Nur Mut Bündnis 90/Die Grünen!
Özdemir nennt es „Ramschpreise“. Aber wer wenig Einkommen hat, für den sind es Sonderangebote, mit denen man überhaupt über den Monat kommt, um sich oder die Familie zu ernähren. Natürlich ist ein Klimaminister nicht für Sozialpolitik zuständig. So könnte man argumentieren. Und so argumentiert auch Özdemir, wenn er in einem Interview sagt: „Landwirtschaftspolitik muss selbstverständlich sozial sein – aber sie ersetzt eben nicht die Sozialpolitik.“ Nur, wenn die Ampel-Sozialpolitik unter ferner liefen läuft und die Regelsatzerhöhungen bei den Sozialleistungen nur aus warmen Worten besteht, dann klingt es nach: irgendwann. Ihre "Sozialpolitik" ist dann schlicht nicht mehr greifbar. Das macht jedoch angreifbar – auf der Seite des Klimaministers. Und diese Kritik muss er sich gefallen lassen. Wer, wie die Grünen, im Wahlkampf sozial spricht, sollte dieses nicht in der Realität der Regierung ausblenden.
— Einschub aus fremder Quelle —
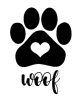 Border collie matrica 8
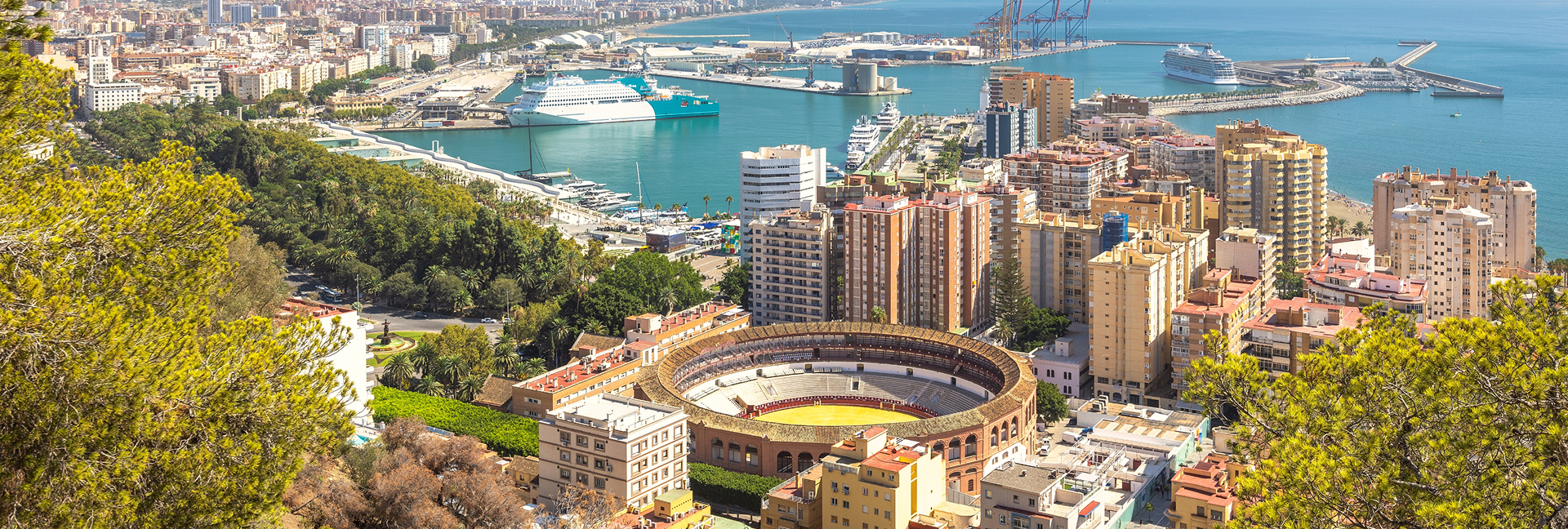 Malaga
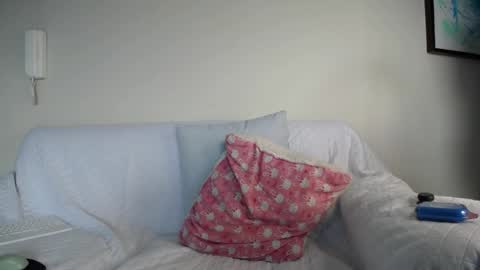 Snapshot of ivonnehills_19 chatting on 30, 4, 2026 Ivonne online show from 30, 4, 2026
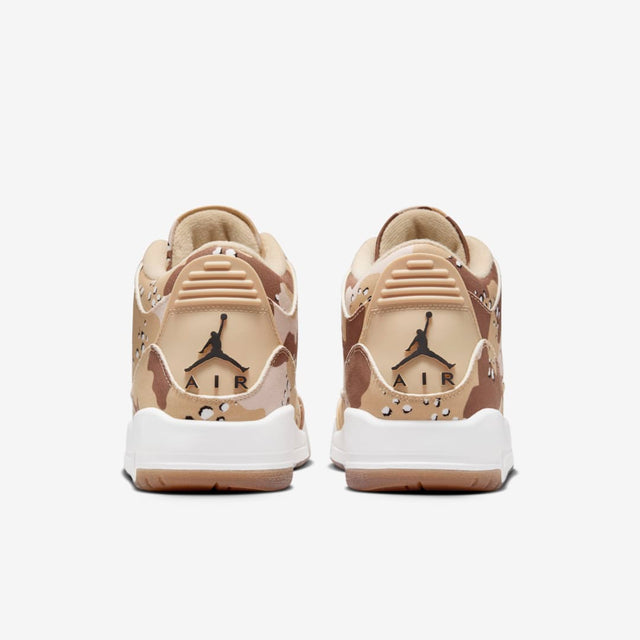 W Air Jordan 3 Retro Tex "Desert Camo" HM4301-200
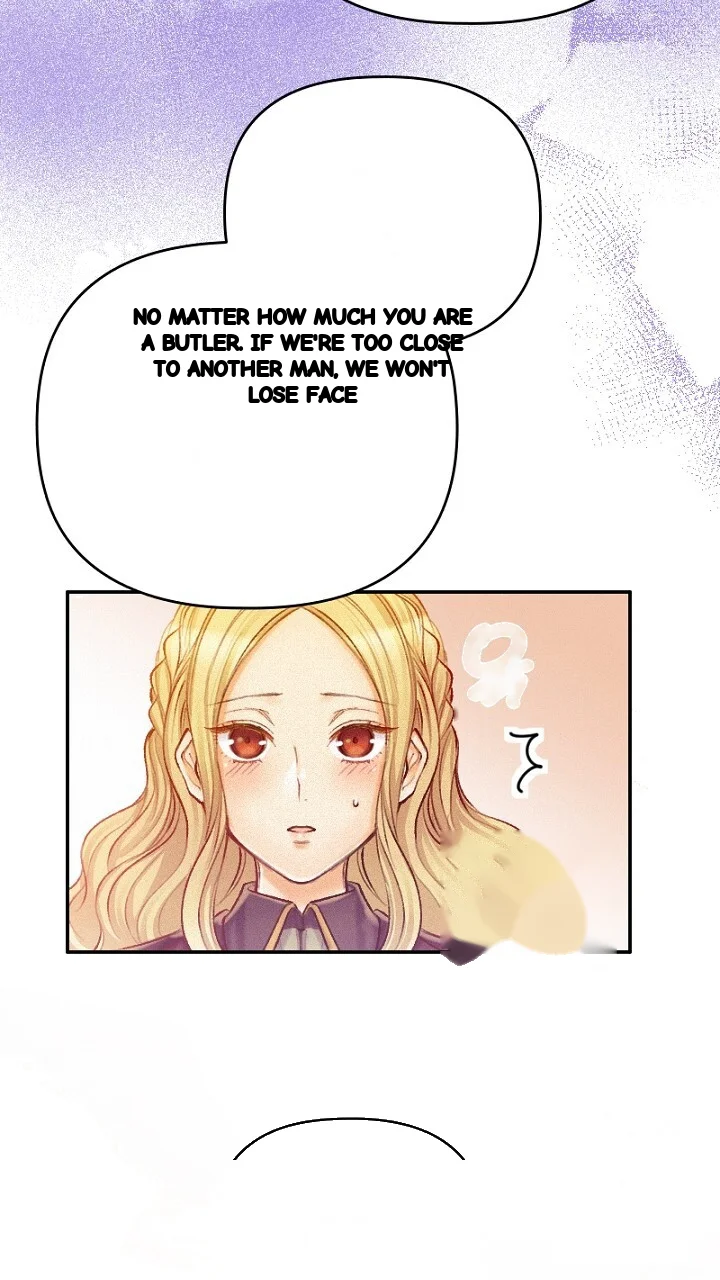 The Heat Of The Reincarnated Villainess Chapter 11 - Page 62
Und wer in früheren Jahren der Opposition für Soziales gekämpft hat, sollte seine Vergangenheit nicht vergessen und die Fehler der Schröder-Ära nicht wiederholen. Die Lebensmittelpreise werden sich nicht von heute auf morgen analog der Vorstellungen Özdemirs verändern. Aus diesem Blickwinkel ist die Zeit vorhanden, sich als ersten Schritt an die Erhöhung der Sozialleistungen zu setzen, das Versprechen der Mindestlohnerhöhung schleunigst umzusetzen und ein Energiegeld als Bremse der steigenden Energiekosten sofort auszuschütten. Nur Mut Bündnis 90/Die Grünen!